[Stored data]
..............................
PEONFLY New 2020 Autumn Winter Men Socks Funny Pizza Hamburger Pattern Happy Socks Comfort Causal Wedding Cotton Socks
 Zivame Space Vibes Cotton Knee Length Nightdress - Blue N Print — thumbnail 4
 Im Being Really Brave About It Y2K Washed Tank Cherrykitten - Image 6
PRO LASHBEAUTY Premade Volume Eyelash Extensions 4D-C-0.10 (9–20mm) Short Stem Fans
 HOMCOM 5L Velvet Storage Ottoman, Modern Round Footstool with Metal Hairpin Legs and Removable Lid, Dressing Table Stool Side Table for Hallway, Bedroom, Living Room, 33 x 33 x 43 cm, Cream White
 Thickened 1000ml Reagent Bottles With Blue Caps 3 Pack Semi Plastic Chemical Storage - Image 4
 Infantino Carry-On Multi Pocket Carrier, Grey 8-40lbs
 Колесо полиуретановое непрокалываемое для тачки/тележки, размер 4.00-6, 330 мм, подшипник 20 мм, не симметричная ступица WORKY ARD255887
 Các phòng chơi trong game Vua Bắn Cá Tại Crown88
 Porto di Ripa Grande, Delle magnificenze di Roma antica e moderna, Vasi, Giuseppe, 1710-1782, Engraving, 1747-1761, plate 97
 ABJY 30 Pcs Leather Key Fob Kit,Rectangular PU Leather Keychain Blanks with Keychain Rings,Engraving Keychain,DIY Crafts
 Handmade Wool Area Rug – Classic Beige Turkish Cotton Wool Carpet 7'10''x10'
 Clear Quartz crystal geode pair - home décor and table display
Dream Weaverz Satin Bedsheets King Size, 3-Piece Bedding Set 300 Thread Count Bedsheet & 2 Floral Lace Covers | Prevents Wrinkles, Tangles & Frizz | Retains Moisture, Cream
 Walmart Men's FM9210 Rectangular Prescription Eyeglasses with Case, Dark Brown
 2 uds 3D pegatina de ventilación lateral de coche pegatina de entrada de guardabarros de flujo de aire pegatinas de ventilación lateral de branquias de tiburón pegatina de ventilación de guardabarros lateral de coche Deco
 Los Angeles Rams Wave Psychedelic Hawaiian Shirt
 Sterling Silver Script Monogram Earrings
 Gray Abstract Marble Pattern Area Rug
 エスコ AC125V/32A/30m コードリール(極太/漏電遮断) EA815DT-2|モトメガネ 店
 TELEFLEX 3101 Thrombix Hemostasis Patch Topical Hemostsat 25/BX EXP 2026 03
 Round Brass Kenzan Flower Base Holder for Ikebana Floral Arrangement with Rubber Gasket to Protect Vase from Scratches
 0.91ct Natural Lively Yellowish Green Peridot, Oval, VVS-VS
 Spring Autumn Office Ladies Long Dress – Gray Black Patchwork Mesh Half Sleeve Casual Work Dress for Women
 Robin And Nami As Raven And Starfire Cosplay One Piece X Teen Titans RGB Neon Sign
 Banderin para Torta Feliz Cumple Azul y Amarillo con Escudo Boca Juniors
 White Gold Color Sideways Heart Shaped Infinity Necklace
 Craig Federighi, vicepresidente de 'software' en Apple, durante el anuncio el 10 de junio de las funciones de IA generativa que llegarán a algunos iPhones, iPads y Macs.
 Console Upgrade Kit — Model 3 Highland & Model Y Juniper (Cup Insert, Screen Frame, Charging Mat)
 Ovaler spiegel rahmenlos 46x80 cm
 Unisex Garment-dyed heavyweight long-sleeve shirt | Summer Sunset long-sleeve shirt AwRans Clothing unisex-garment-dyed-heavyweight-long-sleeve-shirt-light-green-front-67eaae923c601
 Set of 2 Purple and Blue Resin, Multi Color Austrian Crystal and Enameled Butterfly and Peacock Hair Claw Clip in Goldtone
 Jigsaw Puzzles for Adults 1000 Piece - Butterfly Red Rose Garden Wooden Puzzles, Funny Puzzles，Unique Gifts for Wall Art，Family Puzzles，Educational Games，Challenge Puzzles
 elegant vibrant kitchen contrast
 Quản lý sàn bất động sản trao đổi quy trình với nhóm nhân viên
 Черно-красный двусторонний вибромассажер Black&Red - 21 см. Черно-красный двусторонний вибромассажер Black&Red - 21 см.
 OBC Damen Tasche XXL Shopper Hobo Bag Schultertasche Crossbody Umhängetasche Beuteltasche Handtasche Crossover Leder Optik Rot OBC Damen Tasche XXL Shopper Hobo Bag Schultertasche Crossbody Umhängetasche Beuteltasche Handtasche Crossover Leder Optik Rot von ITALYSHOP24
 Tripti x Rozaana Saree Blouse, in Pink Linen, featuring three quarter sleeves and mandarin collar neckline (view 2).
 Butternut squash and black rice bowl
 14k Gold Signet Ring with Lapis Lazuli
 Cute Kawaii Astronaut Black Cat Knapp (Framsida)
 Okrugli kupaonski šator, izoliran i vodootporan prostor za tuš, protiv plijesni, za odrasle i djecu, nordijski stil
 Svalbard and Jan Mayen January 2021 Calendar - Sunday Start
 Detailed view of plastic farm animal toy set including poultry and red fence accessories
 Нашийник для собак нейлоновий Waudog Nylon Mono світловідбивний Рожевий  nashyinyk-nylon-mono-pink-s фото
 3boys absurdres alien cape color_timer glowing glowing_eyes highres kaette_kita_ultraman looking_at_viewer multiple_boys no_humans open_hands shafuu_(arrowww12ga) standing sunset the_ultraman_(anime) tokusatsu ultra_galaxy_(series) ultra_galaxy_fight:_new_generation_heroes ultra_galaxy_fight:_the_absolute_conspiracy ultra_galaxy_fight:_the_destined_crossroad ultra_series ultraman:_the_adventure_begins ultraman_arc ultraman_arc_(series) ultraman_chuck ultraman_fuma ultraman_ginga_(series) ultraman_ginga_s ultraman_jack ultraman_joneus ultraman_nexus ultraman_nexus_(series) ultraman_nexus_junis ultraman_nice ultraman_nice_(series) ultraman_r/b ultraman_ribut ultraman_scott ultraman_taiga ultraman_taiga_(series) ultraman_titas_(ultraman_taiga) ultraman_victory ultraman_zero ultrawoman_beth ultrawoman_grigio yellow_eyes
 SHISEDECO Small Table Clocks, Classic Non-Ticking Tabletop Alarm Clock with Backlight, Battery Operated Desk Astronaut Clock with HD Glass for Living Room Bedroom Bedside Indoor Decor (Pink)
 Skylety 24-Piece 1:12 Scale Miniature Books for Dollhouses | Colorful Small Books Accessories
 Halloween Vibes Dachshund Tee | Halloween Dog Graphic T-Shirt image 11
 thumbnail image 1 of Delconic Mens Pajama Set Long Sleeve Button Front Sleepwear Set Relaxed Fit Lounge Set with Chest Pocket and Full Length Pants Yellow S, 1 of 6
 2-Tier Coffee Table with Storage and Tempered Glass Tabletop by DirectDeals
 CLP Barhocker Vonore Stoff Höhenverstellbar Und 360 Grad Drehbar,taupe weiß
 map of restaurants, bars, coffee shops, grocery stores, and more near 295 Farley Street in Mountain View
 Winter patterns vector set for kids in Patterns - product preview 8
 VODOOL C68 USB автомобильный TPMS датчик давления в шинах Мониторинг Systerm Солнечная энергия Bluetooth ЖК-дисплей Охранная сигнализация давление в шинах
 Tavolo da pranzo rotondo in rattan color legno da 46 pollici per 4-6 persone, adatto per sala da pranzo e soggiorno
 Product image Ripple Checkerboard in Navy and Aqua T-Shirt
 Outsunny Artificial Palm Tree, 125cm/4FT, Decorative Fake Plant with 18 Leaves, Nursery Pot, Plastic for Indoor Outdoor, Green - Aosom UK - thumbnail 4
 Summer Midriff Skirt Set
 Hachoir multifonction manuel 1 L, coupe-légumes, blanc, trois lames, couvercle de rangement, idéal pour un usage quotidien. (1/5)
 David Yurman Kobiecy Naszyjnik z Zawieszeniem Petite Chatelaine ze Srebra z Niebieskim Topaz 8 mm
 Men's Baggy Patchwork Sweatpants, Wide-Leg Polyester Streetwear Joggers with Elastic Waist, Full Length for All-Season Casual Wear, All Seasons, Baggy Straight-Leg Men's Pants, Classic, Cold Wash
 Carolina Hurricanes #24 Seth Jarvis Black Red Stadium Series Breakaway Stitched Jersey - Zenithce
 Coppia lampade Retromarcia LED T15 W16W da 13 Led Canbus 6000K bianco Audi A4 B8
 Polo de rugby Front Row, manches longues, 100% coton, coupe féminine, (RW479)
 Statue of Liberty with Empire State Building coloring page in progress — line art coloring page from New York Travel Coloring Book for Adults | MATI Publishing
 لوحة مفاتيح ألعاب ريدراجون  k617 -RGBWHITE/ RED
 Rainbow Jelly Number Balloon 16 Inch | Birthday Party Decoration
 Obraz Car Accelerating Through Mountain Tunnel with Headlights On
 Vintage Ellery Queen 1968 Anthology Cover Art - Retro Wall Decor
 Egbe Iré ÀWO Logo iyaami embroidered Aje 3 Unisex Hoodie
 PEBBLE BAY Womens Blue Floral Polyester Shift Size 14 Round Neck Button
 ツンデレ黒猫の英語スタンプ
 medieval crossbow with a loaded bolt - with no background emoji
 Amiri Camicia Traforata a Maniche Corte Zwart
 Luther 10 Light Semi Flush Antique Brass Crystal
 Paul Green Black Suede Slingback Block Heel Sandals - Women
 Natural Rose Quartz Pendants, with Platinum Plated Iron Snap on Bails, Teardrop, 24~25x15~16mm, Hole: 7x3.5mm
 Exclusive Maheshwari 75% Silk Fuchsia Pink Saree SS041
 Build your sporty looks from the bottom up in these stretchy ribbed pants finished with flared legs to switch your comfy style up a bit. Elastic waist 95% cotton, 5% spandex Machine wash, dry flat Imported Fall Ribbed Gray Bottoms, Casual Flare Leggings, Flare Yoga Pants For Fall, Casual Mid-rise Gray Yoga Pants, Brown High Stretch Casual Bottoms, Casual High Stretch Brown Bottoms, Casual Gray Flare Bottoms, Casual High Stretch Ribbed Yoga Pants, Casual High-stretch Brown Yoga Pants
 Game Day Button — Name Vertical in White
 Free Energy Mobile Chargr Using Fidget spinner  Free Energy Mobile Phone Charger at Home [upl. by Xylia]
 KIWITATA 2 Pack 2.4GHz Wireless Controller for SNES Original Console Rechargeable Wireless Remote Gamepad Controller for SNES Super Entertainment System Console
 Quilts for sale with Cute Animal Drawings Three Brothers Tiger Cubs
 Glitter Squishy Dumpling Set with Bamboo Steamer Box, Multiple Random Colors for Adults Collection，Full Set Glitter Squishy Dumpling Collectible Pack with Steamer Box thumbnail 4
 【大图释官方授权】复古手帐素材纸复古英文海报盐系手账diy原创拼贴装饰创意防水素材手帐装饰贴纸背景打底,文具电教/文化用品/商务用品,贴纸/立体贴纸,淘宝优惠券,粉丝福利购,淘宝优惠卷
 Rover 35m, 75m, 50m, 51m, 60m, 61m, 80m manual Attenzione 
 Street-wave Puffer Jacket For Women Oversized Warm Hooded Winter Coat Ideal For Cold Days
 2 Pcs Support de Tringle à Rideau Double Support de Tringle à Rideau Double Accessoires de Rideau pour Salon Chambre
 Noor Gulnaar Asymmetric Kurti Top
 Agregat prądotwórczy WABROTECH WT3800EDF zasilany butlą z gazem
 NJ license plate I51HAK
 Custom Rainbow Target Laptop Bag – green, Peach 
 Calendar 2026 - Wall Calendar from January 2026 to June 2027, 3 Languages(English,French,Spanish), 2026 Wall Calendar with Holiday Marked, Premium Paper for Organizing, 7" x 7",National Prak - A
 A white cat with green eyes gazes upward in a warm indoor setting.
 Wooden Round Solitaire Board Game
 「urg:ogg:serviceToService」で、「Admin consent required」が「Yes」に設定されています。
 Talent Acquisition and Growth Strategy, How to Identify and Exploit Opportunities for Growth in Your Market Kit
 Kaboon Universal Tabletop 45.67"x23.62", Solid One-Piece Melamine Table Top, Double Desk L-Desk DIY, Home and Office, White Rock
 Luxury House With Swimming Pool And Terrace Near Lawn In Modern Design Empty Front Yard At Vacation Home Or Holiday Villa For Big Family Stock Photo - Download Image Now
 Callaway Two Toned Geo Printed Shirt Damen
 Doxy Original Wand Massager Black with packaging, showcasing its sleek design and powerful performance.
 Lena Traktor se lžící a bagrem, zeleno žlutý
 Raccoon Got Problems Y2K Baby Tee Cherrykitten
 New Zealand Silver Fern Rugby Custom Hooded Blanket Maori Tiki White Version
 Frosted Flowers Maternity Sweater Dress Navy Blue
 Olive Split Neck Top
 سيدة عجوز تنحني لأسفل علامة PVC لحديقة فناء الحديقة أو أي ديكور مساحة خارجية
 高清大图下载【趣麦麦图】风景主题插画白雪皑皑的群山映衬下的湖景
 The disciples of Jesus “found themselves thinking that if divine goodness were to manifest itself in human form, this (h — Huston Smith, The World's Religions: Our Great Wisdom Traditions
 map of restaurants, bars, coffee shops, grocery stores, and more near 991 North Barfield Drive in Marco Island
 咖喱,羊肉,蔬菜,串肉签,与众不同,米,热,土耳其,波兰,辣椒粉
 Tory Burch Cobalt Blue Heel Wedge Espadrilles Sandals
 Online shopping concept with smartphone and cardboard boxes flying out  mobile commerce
..............................
Could you write out, exactly as they stand, only the lines above that begin at the line with "Porto di Ripa" and stop after the line with "Walmart Men's FM9210"?

 Porto di Ripa Grande, Delle magnificenze di Roma antica e moderna, Vasi, Giuseppe, 1710-1782, Engraving, 1747-1761, plate 97
 ABJY 30 Pcs Leather Key Fob Kit,Rectangular PU Leather Keychain Blanks with Keychain Rings,Engraving Keychain,DIY Crafts
 Handmade Wool Area Rug – Classic Beige Turkish Cotton Wool Carpet 7'10''x10'
 Clear Quartz crystal geode pair - home décor and table display
Dream Weaverz Satin Bedsheets King Size, 3-Piece Bedding Set 300 Thread Count Bedsheet & 2 Floral Lace Covers | Prevents Wrinkles, Tangles & Frizz | Retains Moisture, Cream
 Walmart Men's FM9210 Rectangular Prescription Eyeglasses with Case, Dark Brown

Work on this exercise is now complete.